日々、仕事に追われるがゆえ(というより生活そのものか?)、ここ数年「旅行」の二文字を忘れていた友人が、ちょっとばかし強引に連休を取り、バリ島へやって来た。
そんな珍しいことをしてくれたものだから、天変地異とまではいかずとも、いよいよ着陸というタイミングで激しい豪雨に見舞われるという災難を引き起こしてしまい、「飛行機がしばらく上空で旋回していた」と、力なく笑う友人。
「ひょっとして雨男でしょっ?! カンベンしてよ」とか言いながらも、車内で無事な再会を喜びあう二人とは対照的に、寡黙を貫き通す男が二人。
一人は豪雨の中、決死のハンドルさばきを見せ、「なにがなんでもゲストを迎え入れる」というアッパレな男気を見せたドライバーのアグン。
そしてもう一人、そんなアグンにつたない日本語で「アグンサン、ガンバッテー」と園児並みの純真なテンションで声援を送っていた、宿のお出迎え係のワヤン。
今やもう、その熱き魂のカケラも感じないほど冷え切ってしまった二人の青年。
空港到着からわずか一時間の間で、一体彼らになにが起こったというのだろうか
それは、原因があるであろう過去を、さかのぼること数日前。
私「アグン、4月1日に友達が来るから空港までお出迎えをお願いします」
アグン「トモダチ、キレイなオンナ?」
私「・・・。
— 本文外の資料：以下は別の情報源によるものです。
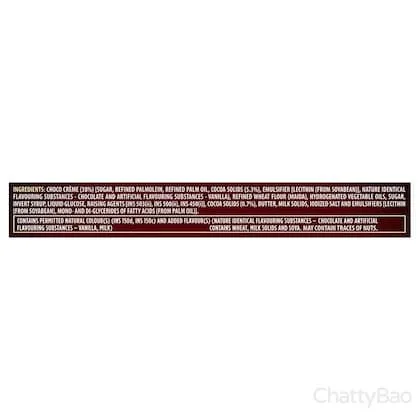 Sunfeast Dark Fantasy - Choco Fills Cookies 75 g view 5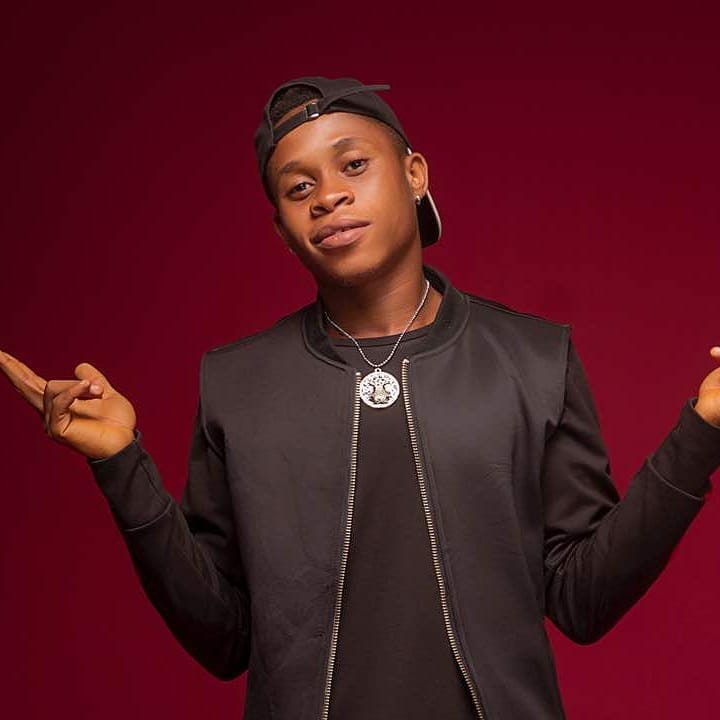 Yomi Blaze – I No Forget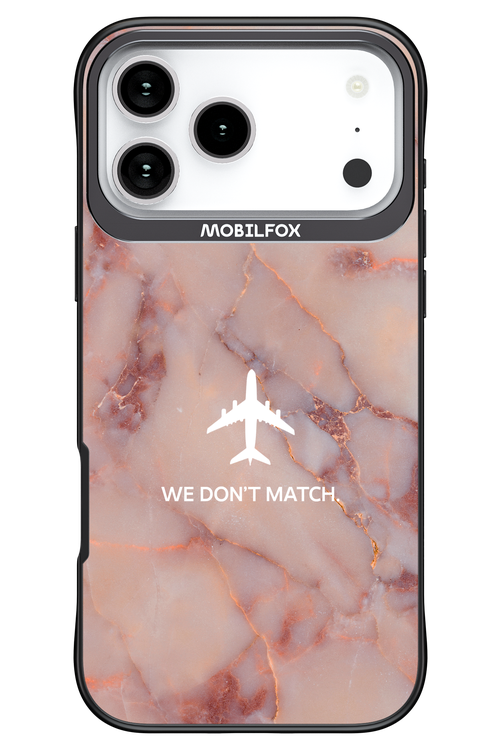 International Love I 2.0 - Apple iPhone 17 Pro Max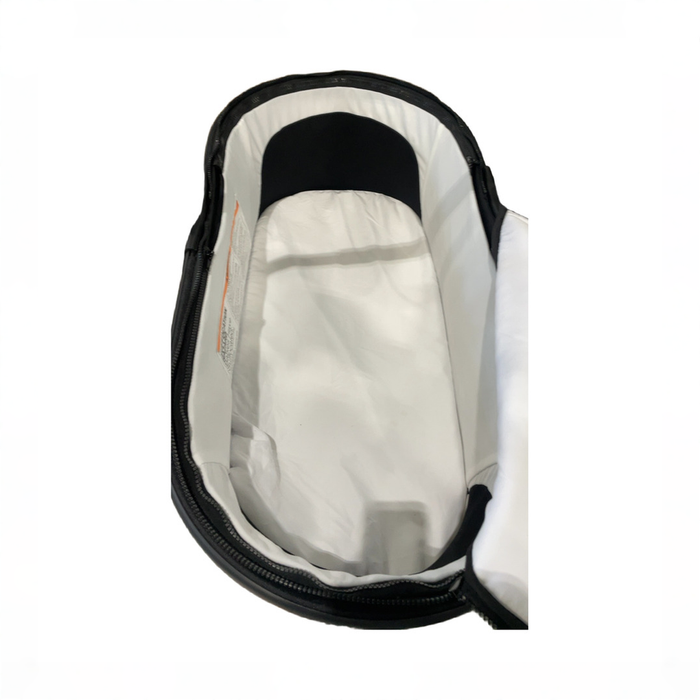 Shop Mockingbird Bassinet, 2026+, Heather grey at GoodBuy Gear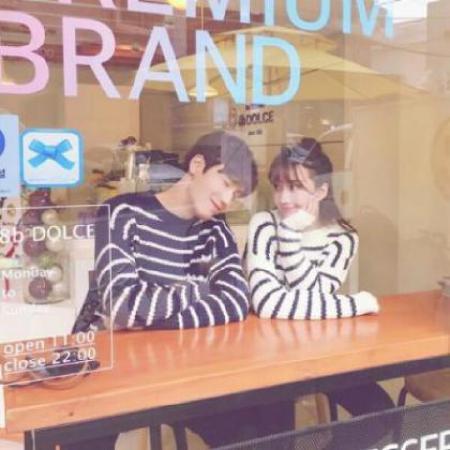 流年真情qq情侣名字霸气超拽酷显得很浪漫-可爱点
うん。すっごくキレイなオンナ」
アグン「オッケー! オッケー!!」
謎が解明したであろうか?
すべての原因は、アグンの「先走った思い込みと強い願望」が発端であり、そこに双方の思惑が絡み合い、ちょっとした事故を発生させてしまったということを。
さらにそこに「今日は、見逃せないサッカーの試合放映があるけど、あえて自分はこの宿のスタッフとして、(キレイな)ゲストをピックアップすることを優先します」という、よこしまなワヤンの使命感が、この場の状況をさらに悲惨なものにしてしまったと言える。
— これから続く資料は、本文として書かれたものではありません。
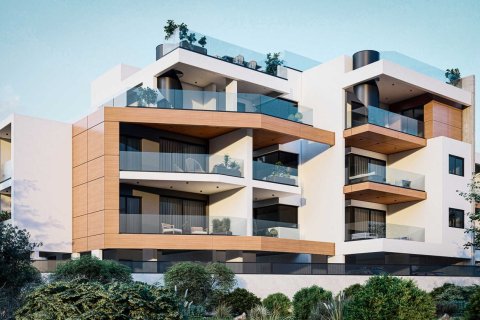 3 chambres Appartement à Limassol, Chypre No. 65136
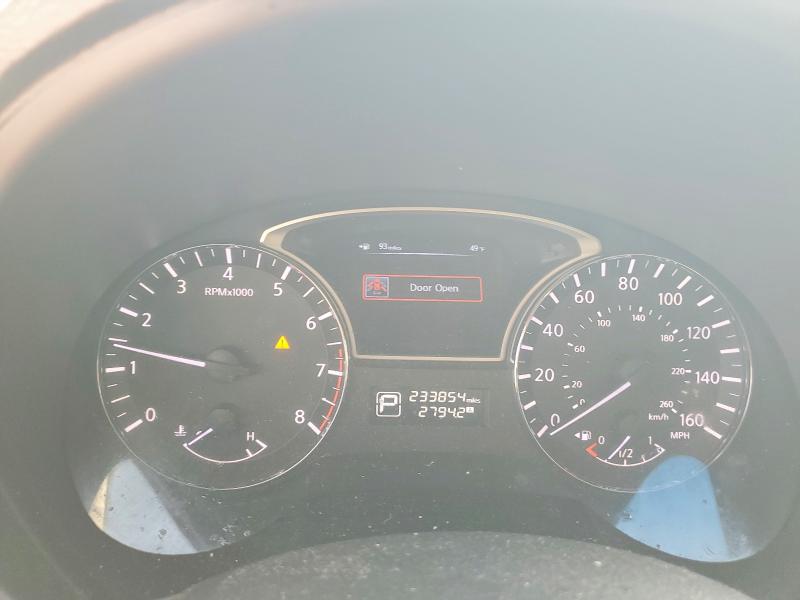 75979885 :رقم المزاد ، 1N4AL3AP1DN419093 vin ، 2013 Nissan Altima مزاد بيع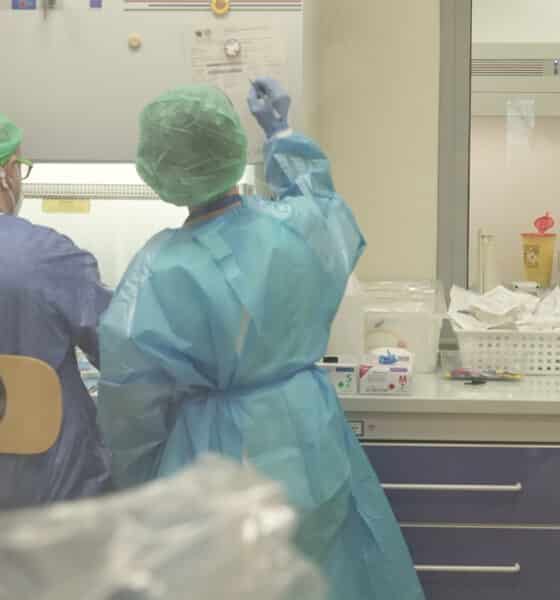 Day Hospital Centralizzato dell'Asl modello nella gestione delle terapie ai pazienti oncoematologici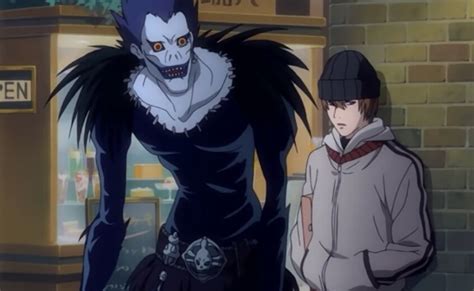 Ryuk from Death Note Costume | Carbon Costume | DIY Dress-Up Guides for Cosplay & Halloween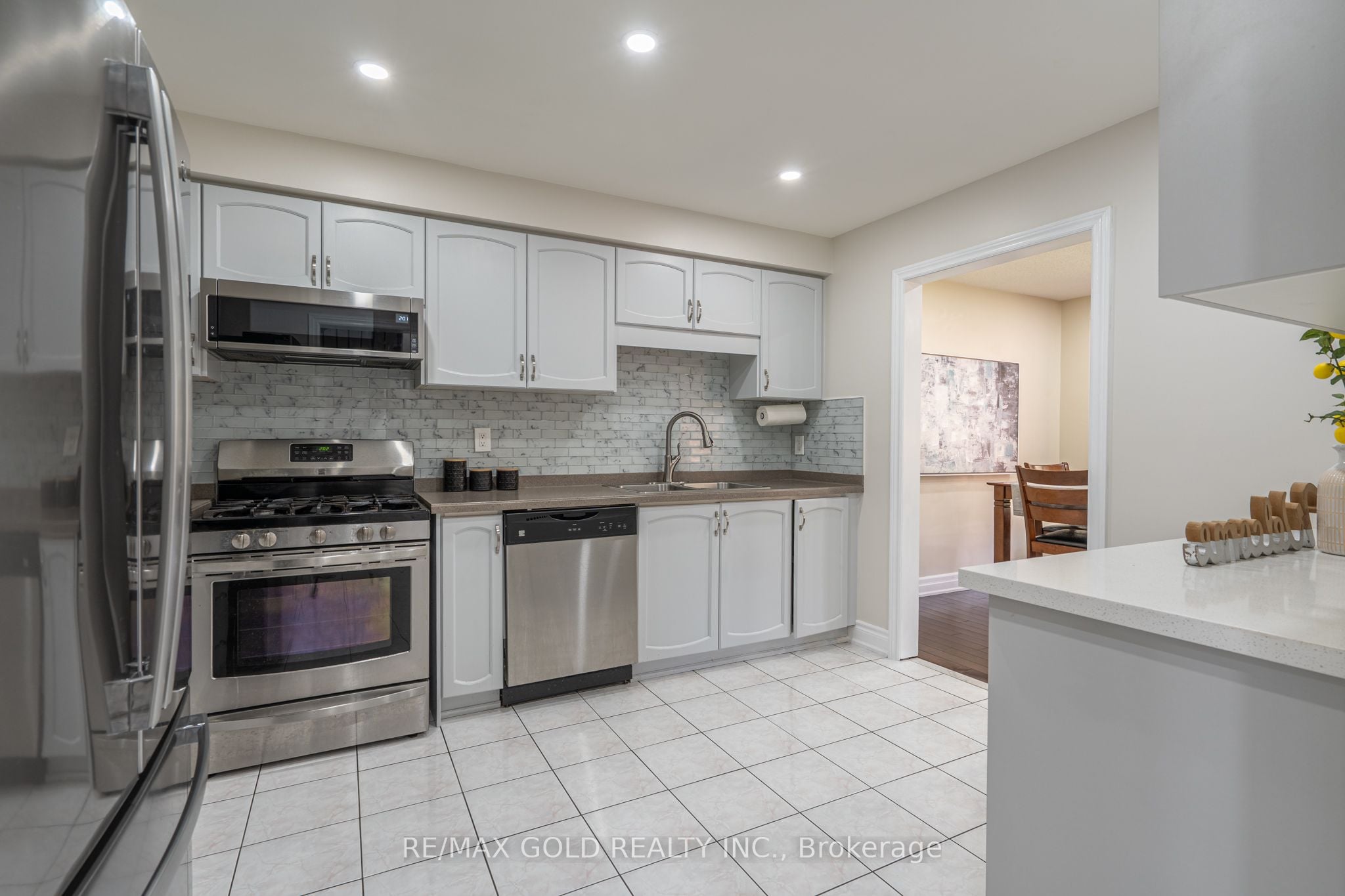 Additional image 3 of 156 Sahara Trail, Brampton, ON, L6R 1P6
そうはいっても、最終的に、そして客観的に見たら、「どんな事情があれども、嘘をつき、人の心を利用するのはヨロシクナイ」となるであろう。
それでは、悪の根源はこのわたし?
でもさ。
そーいえば、今日って「エイプリールフール」じゃん。
どんな嘘やタチの悪い冗談も、無条件で笑って許される日だよねぇ?
そう考えたら、実はやってくるのが「男」の友人なのにも関わらず、空港まで出迎えの車を出してもらいたいがために「キレイな女がやってくる」と、健全な男の下心につけ込んだ騙し行為をしたとしても、そんなのカワイイものではないか。
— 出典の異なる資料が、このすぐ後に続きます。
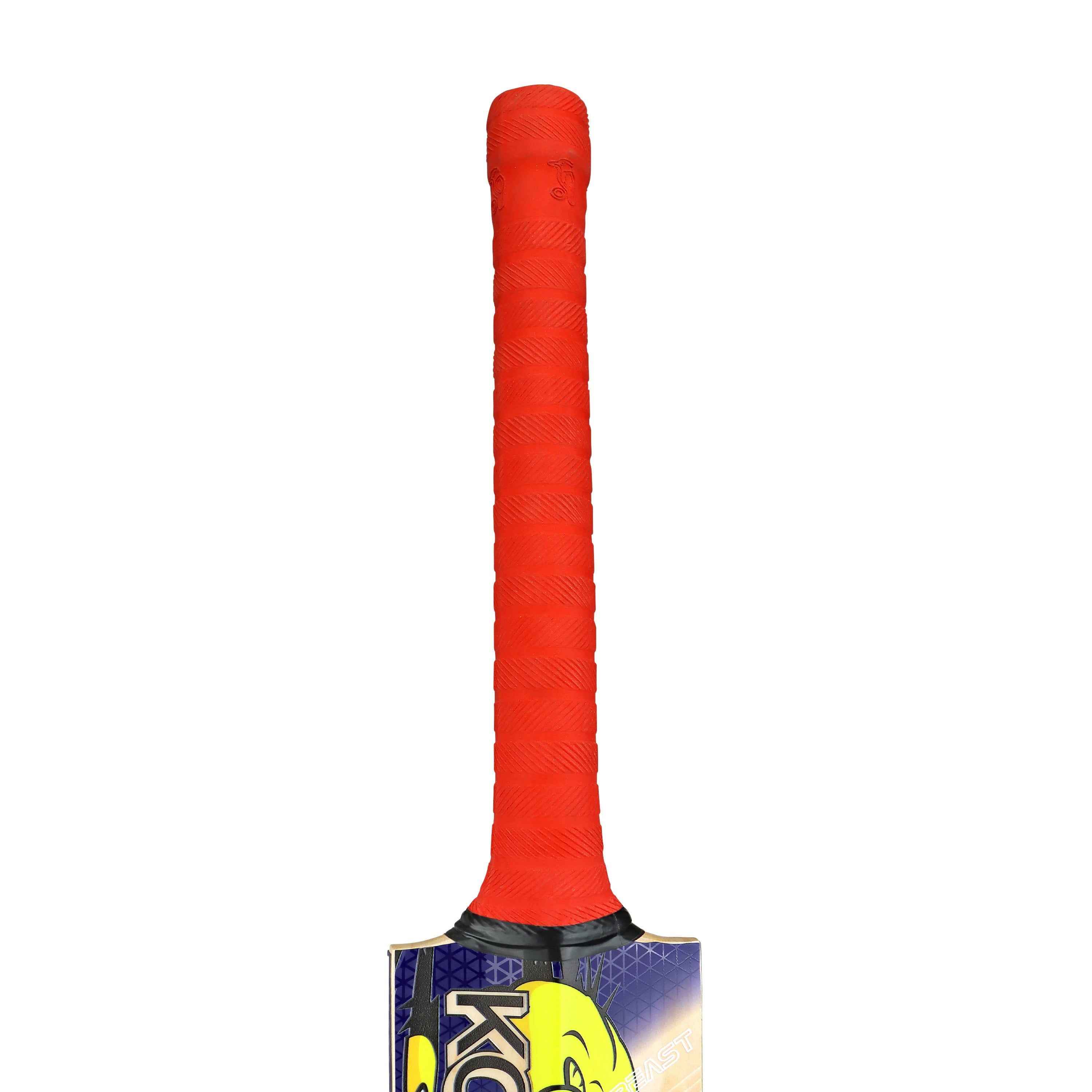 Kookaburra Beast Pro 6.0 Senior Bat - The Cricket & Football Warehouse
あ。なんか今、男性諸君から一斉にブーイングを受けたような寒気を感じたけど、そんなんじゃひるまないぞっ! だって、なんだよ、それ。「友達が来る」って言ったら勝手に「女性が来る」って思い込んで、「観光に連れて行ってくれる」と快諾したにも関わらず、男が来た途端に「忙しい」って、さ。ちっちゃい男の下心ほどさむいものはないぞ。
追記:「観光拒否」の一件に、アグンとワヤンは一切関係しておりません。念のため。